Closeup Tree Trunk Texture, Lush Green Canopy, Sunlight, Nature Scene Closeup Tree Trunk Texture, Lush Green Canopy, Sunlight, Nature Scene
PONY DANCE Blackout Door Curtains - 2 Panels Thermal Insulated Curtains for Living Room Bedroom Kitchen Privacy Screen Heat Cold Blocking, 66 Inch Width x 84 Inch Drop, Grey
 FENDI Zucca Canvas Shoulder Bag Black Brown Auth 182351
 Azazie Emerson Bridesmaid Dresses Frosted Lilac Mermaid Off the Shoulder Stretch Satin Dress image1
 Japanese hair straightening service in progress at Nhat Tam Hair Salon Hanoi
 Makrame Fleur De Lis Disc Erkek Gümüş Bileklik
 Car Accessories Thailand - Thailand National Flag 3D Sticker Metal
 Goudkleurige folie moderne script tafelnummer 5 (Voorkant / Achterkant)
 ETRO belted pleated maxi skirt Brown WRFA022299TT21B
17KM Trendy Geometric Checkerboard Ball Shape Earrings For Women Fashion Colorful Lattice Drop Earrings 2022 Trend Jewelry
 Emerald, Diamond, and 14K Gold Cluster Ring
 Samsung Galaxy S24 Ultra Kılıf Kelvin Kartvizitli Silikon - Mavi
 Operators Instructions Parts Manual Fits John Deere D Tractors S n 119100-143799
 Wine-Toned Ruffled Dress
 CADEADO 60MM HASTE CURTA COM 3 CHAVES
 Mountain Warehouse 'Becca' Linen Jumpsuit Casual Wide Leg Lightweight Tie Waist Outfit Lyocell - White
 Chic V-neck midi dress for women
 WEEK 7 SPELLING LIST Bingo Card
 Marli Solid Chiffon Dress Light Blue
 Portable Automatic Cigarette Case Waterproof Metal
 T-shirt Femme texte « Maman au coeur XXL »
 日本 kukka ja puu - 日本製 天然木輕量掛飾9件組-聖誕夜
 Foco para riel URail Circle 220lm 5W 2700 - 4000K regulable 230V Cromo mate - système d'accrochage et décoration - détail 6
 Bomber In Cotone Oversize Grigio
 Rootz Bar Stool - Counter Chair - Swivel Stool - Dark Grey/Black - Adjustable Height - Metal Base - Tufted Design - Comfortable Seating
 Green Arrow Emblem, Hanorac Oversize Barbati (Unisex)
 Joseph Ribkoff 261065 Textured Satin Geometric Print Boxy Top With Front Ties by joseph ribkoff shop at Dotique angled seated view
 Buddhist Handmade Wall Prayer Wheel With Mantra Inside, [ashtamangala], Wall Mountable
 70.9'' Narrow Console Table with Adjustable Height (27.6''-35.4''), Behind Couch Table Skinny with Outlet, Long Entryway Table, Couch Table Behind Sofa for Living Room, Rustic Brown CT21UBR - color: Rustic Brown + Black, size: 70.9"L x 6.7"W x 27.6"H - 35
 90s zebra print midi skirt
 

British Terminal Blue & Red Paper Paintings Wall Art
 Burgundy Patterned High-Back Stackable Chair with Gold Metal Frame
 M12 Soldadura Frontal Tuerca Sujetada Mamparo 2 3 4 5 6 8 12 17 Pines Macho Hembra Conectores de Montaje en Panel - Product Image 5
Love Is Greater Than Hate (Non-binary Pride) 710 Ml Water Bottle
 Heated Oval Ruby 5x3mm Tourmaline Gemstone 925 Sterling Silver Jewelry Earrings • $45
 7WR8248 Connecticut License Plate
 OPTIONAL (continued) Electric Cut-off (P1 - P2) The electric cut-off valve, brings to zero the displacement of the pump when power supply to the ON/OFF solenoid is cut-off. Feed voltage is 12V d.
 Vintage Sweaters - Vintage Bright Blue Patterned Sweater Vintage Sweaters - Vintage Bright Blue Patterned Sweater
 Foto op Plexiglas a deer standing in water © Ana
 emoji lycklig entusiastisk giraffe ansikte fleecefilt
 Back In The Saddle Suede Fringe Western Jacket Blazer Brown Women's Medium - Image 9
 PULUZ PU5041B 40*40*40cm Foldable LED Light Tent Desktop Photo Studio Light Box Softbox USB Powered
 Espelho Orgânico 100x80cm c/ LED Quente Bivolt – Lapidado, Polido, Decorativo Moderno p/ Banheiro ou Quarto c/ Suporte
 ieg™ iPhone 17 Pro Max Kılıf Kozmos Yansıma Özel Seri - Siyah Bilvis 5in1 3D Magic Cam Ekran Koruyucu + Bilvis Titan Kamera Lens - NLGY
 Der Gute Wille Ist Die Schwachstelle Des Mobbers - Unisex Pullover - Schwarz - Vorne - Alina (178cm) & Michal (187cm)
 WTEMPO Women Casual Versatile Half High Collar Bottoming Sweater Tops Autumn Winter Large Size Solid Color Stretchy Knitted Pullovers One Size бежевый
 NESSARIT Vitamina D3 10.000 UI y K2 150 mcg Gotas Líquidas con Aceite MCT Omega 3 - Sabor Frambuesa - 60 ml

- [ACTIVITY] Begin with the first line of the data above and, please, print each line exactly until you have printed the line containing "Samsung Galaxy S24"; print nothing else.

- [TASK SOLUTION]
Closeup Tree Trunk Texture, Lush Green Canopy, Sunlight, Nature Scene Closeup Tree Trunk Texture, Lush Green Canopy, Sunlight, Nature Scene
PONY DANCE Blackout Door Curtains - 2 Panels Thermal Insulated Curtains for Living Room Bedroom Kitchen Privacy Screen Heat Cold Blocking, 66 Inch Width x 84 Inch Drop, Grey
 FENDI Zucca Canvas Shoulder Bag Black Brown Auth 182351
 Azazie Emerson Bridesmaid Dresses Frosted Lilac Mermaid Off the Shoulder Stretch Satin Dress image1
 Japanese hair straightening service in progress at Nhat Tam Hair Salon Hanoi
 Makrame Fleur De Lis Disc Erkek Gümüş Bileklik
 Car Accessories Thailand - Thailand National Flag 3D Sticker Metal
 Goudkleurige folie moderne script tafelnummer 5 (Voorkant / Achterkant)
 ETRO belted pleated maxi skirt Brown WRFA022299TT21B
17KM Trendy Geometric Checkerboard Ball Shape Earrings For Women Fashion Colorful Lattice Drop Earrings 2022 Trend Jewelry
 Emerald, Diamond, and 14K Gold Cluster Ring
 Samsung Galaxy S24 Ultra Kılıf Kelvin Kartvizitli Silikon - Mavi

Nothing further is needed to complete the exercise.